Restless – Glasgow Film Festival 2025 Review


After her father’s recent death, and her son leaving for university, Nicky (Lyndsey Marshal) is on her own for the first time in many years. Though she misses them both dearly, she has a lot of peaceful activities – yoga, baking, listening to classical music – to keep her busy between her shifts as an underpaid, overworked carer.
But then Dean (Aston McAuley) moves in next door, and her life becomes a nightmare. Every night he and his gang party so loud their shared wall vibrates. When she asks him to turn the music down, he turns it up louder. The police aren’t interested. The council won’t do anything. The neighbours are too scared to get involved. And Nicky is getting no sleep. Desperate and furious, eventually, she is driven to drastic action.
If you have ever had the miserable experience of being awake in the middle of the night, knowing you have to be up for work in a couple of hours, and that sleep isn’t going to come, Restless – the debut feature from writer/director Jed Hart – will feel uncomfortably familiar to you. Terrible neighbours aside, the film has a terrific grasp of the physicality of insomnia; the clammy dread, the woozy feeling in your stomach, the way your hold on reality is both heightened and softened; on several occasions, it’s hard to tell if Nicky is dreaming or if she’s awake. Because Hart and Lyndsey Marshal are so good as establishing her fraught state, you genuinely believe that Nicky is capable of anything as the action escalates, which makes the climactic act particularly exciting.
Although the primary tone is one of tension, the movie also boasts a rich vein of dark comedy. This largely comes courtesy of the wonderful Barry Ward, playing Kev: an old friend of Nicky’s who becomes her sole ally (albeit, a not very helpful one!). Essentially sweet-natured, but not always that sensitive, every other line of his is a gem – “Christ himself couldn’t have made a better buffet!”, he reports his mum saying about the food at Nicky’s dad’s funeral; “You find a lot of bodies in the parking enforcement game…” an evocative aside about his day job. The easy sliding between tones gives the film a delightful confidence.
Because the house that Dean’s moved into used to belong to her parents, Nicky still has a key – when she uses it to enter the property and try and stop the noise herself, the film creeps into horror movie territory.

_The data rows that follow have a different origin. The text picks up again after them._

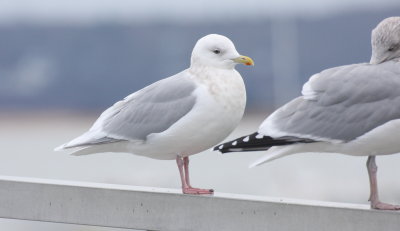 2014 Birds - not taken on Duxbury Beach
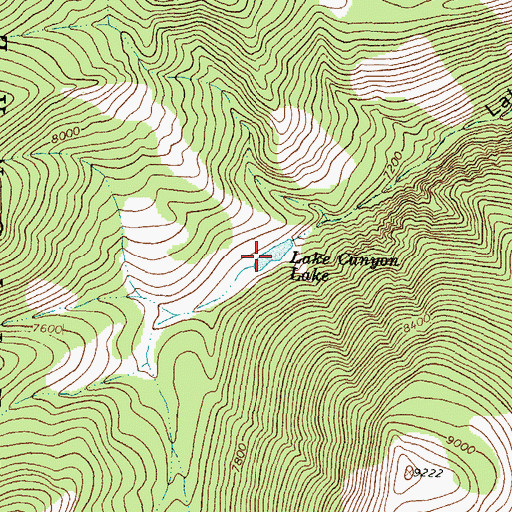 Topographic Map of Lake Canyon Lake, MT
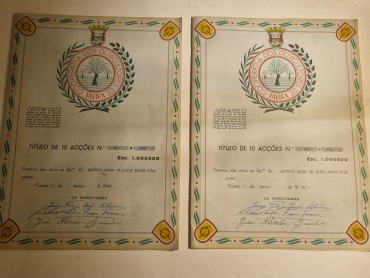COOPERATIVA DOS OLIVICULTORES DE TAVIRA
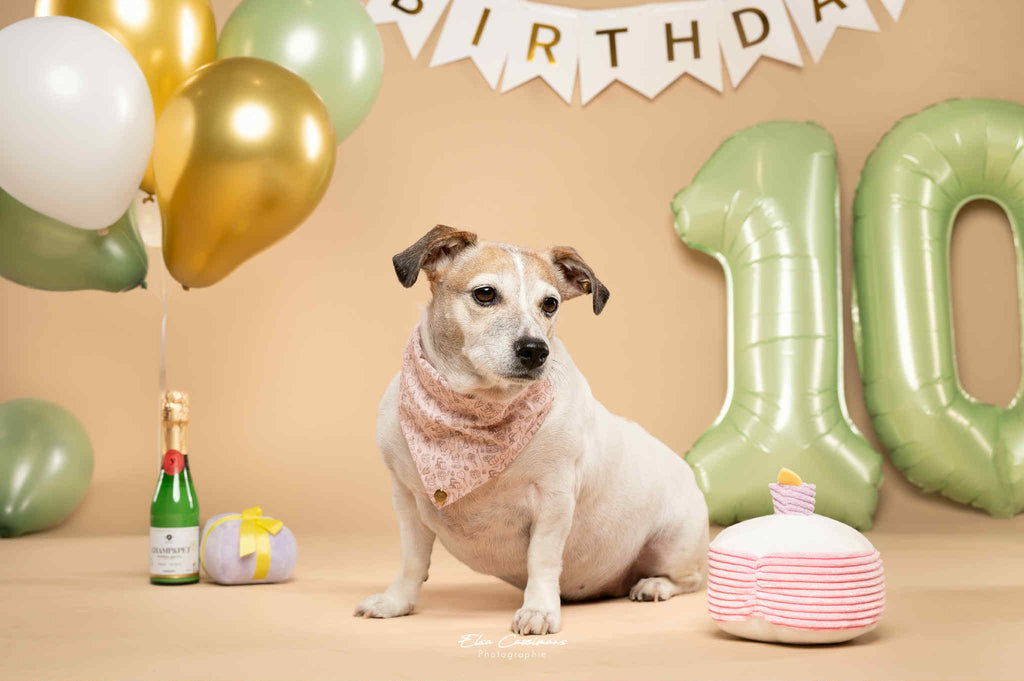 BANDANA A ENFILER | ANNIVERSAIRE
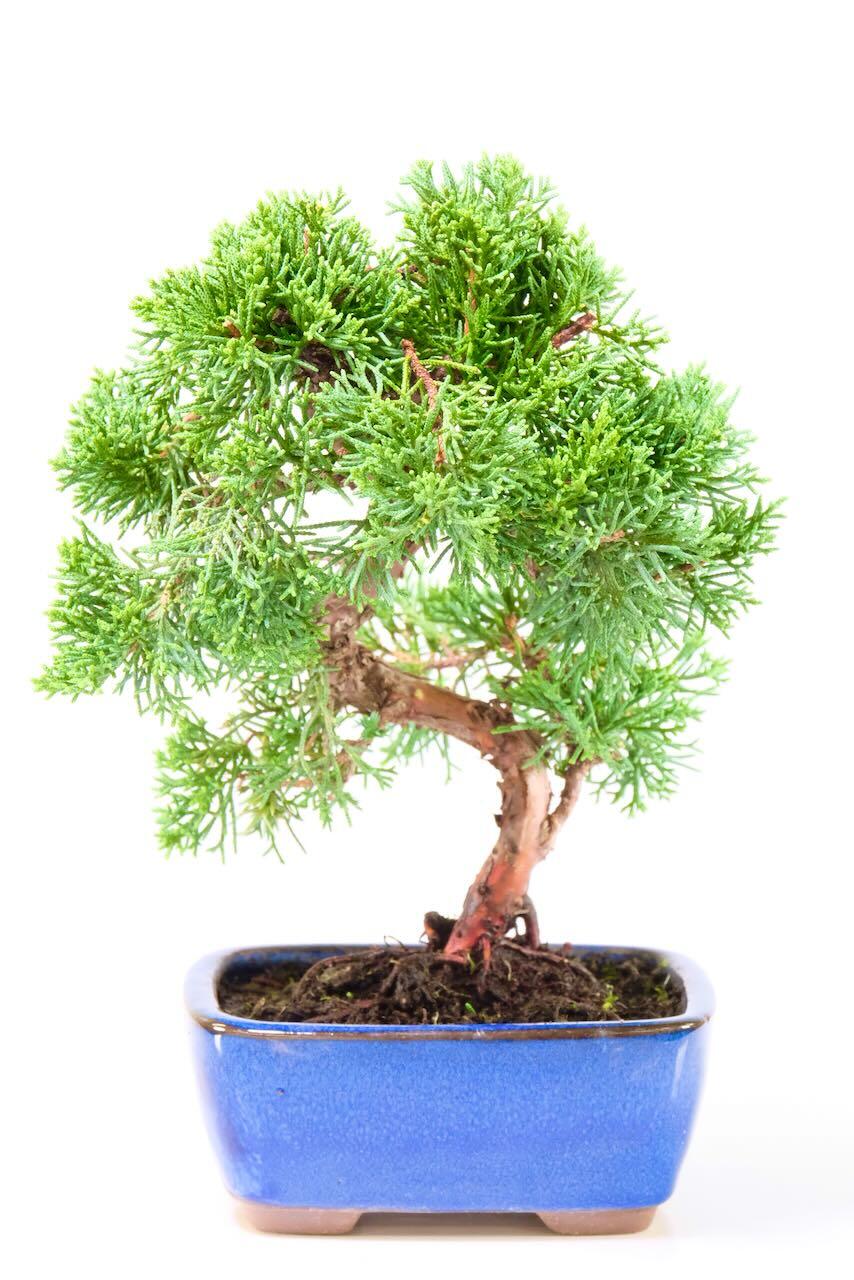 Shohin Chinese Juniper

And that horror, albeit on a more macro level, is the film’s presiding note. Although Restless is both a thrilling ride and a fun one, Hart layers underneath both of those more palatable tones one of state-of-the-nation despair. This is a cold world, where the institutions that exist to help society are uncaring or underfunded or both, neighbours don’t have basic consideration for one another, and when there’s an issue, you can’t rely on anyone for assistance (except Kev, but he’s pretty useless, bless him!). While it’s not exactly a work of stark social realism a la Ken Loach, there’s an unmistakable bleakness to Hart’s vision that lingers in the brain afterwards.